Hydrogen packs more energy by weight than jet fuel, but it has lower energy by density. Hydrogen is a gas at room temperature, making it difficult to store in large quantities. There is an additional factor: keeping it in fuel tanks aboard aircraft requires hydrogen to be compressed into liquid form. To do that, hydrogen must be cooled to extremely low temperatures. In addition to the fuel and fuel tanks, the equipment needed to keep hydrogen fuel at low temperatures would add even more weight to a hydrogen-fueled aircraft.

To deal with the challenges presented by hydrogen fuel, Airbus said it intends to develop a new cryogenic fuel delivery system to move hydrogen from the tanks to the turbofan engine. First, hydrogen needs to be converted from liquid to gas. Next, the hydrogen gas will be injected into the fuel combustor and ignited at a very high temperature — much hotter than jet-A. (Thom Patterson, Modern Flying)

Barriers to implementation of hydrogen aviation technology

A study by Roland Berger identified several barriers to airliner hydrogen technology. A redesign of much of the aircraft would be required, from the propulsion system to fuel storage. “Even for the near term, McKinsey found that fuel tank technology is a critical pacing factor in…hydrogen hybrids, let alone pure hydrogen power. A 50% reduction in overall liquid hydrogen tank mass will be necessary for 737-size hydrogen airliners to be feasible.”

Advancements in light-weighting storage tanks and cryogenic cooling systems are necessary to take advantage of hydrogen’s high energy density. A significant ramp-up in “green” hydrogen and carbon capture and storage (CCS) is required to increase the share of emissions-free hydrogen production. Hydrogen infrastructure improvements in fuel delivery to airports and airport refueling are necessary.

“While Boeing is exploring how hydrogen might be integrated into commercial aircraft,” Sheila Remes, Boeing VP of Environmental Sustainability, said, it’s “going to be hard.” Regarding hydrogen, “You want to make sure that it’s a choice that’s actually going to come out the other side as certifiable and safe” on the other hand, SAF “works with what we’ve got right now.”

Aviation industry’s green energy commitment and complexity

The industry’s differing approaches — and vested interests — underscore the complexity of eliminating aviation’s carbon emissions on a net basis by 2050. According to the International Air Transport Association, the cost of transitioning from fossil-derived jet fuel will be $2 trillion. Not even the industry agrees on how it will break decades-old habits or who will pay for it.

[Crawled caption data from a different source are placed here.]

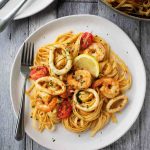 Quick Seafood and Garlic Linguine - Scruff & Steph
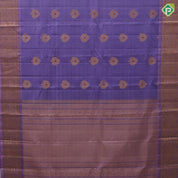 Violet Gold Zari Tree Butta Design Baby Pink Floral Peacock Border Design Pure Mix Silk Saree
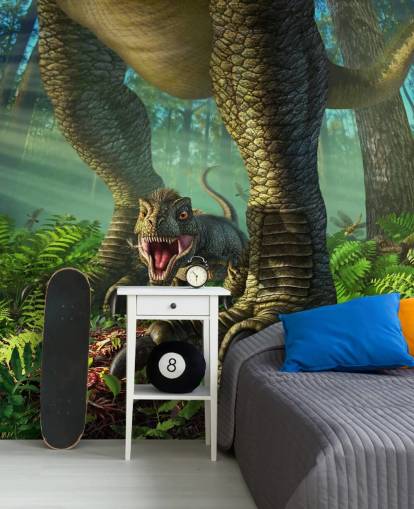 papier peint mural de dinosaure vert pour enfants appelé Wee Rex par Jerry LoFaro pour les chambres d'enfants et les salles de jeux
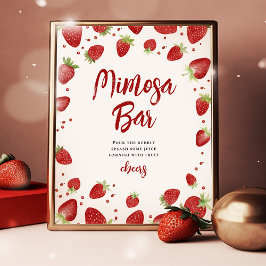 Mimosa Bar Aardbeien Baby shower teken Poster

Ryanair CEO Michael O’Leary appeared cautious when it came to the outlook for new and emerging technologies in the sector. “I think...we should be honest again,” he said. “Certainly, for the next decade...I don’t think you’re going to see any — there’s no technology out there that’s going to replace…carbon, jet aviation.” “I don’t see the arrival of…hydrogen fuels; I don’t see the arrival of sustainable fuels, I don’t see the arrival of electric propulsion systems, certainly not before 2030,” he added.